LLPH urges a NO vote on the Innovation Act (H.R. 3309), sponsored by Rep. Bob Goodlatte (R-VA). While this bill is well-intentioned and something certainly must be done about patent trolling, this bill would have consequences that could greatly hurt small businesses and ordinary, every day American inventors.
Our allies at Eagle Forum stated:
The Founders established patents in the Constitution as a private property right for inventors. This property interest benefits the nation economically through the “promot[ion] of science and useful arts.” This bill will weaken American patents, patent rights, and the ability of innovators — particularly independent inventors — to secure their constitutionally guaranteed private property right in their discoveries.
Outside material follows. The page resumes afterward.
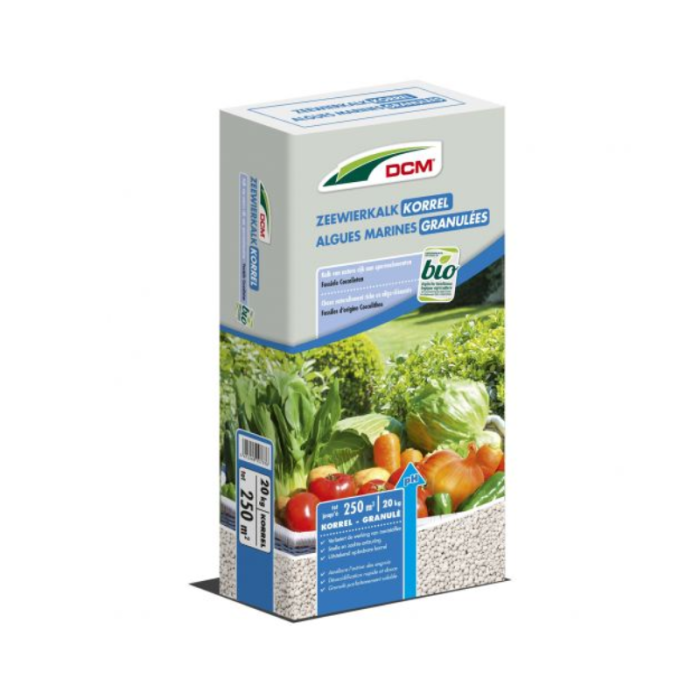 DCM Zeewierkalk Korrel - 20 kg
Inventors are supposed to enjoy the “exclusive right” to their intellectual property for a period of time. H.R. 3309 would counter this Constitutional vision for patent rights by making patent litigation more common, more protracted, and more expensive for inventors.
Proponents want to call this “litigation reform,” but really, this bill tilts the judicial process in favor of infringers and big business but against patent owners. Eagle Forum sympathizes with small businesses that receive demand letters from what are called “patent trolls” and we are open to addressing this practice in a narrow, targeted manner. However, H.R. 3309 goes well beyond addressing the grievances of such small business end users and will diminish property rights and weaken U.S. patents.
More than the substantive issues, we are concerned with the way this bill is being rushed through the House. The Judiciary Committee held a single hearing just two weeks after the bill’s introduction and marked up the bill three weeks later. Soon after, there was a bipartisan appeal by concerned committee members requesting a second hearing, featuring independent inventors, venture capitalists, R&D shops, IP-based small businesses, judges, non-practicing entities that play a vital role in technology transfer such as universities, and victims of foreign IP theft, but it was ignored.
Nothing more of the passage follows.